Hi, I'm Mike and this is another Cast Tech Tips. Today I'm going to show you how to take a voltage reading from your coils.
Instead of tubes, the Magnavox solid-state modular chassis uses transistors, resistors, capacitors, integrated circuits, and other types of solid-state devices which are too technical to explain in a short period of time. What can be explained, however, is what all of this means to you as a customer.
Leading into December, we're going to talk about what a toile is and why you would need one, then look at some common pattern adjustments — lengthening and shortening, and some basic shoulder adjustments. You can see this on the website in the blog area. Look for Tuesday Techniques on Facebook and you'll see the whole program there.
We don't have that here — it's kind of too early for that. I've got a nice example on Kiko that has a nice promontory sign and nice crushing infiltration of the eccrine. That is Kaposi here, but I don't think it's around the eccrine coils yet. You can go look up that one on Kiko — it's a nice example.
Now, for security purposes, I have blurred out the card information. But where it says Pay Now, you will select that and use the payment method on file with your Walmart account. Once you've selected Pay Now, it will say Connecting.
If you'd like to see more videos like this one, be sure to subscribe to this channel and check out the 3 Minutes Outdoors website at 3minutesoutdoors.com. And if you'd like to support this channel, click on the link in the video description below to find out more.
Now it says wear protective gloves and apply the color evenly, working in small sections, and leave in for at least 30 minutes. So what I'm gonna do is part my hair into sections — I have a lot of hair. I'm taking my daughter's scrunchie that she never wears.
=====
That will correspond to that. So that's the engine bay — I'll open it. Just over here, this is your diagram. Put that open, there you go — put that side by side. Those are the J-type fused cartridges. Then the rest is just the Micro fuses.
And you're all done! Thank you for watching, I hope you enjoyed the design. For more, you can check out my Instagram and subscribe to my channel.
=====
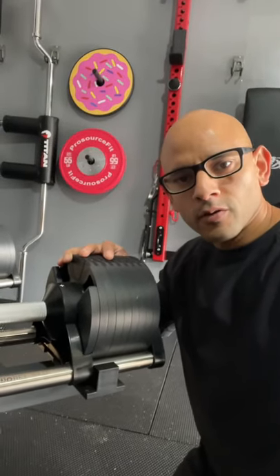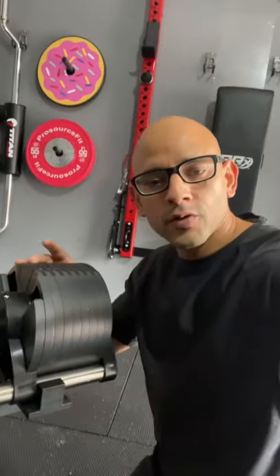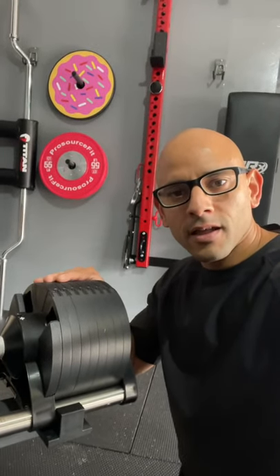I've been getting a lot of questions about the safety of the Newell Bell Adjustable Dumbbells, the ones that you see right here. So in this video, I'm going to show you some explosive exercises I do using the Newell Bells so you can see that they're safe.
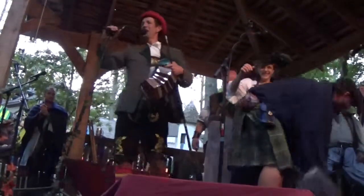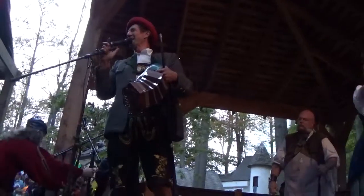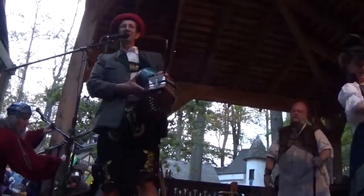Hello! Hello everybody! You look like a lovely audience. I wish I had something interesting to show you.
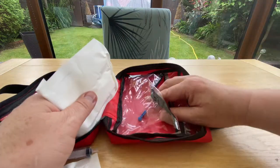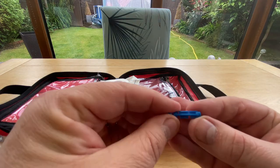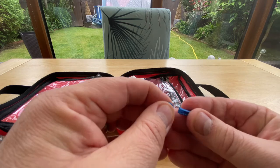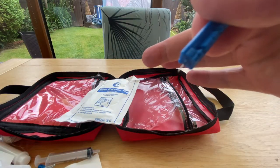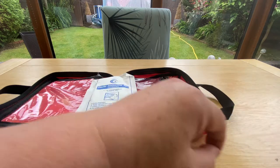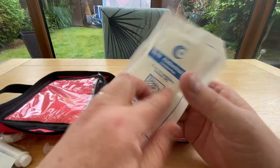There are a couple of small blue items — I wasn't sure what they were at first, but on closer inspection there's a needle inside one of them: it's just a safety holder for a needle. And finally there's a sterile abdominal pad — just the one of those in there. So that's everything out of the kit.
=====
◆ Instructions for the task:
When the entries above show the word "into" in a line, copy that line out.

◆ Output for this task:
Leading into December, we're going to talk about what a toile is and why you would need one, then look at some common pattern adjustments — lengthening and shortening, and some basic shoulder adjustments. You can see this on the website in the blog area. Look for Tuesday Techniques on Facebook and you'll see the whole program there.
Now it says wear protective gloves and apply the color evenly, working in small sections, and leave in for at least 30 minutes. So what I'm gonna do is part my hair into sections — I have a lot of hair. I'm taking my daughter's scrunchie that she never wears.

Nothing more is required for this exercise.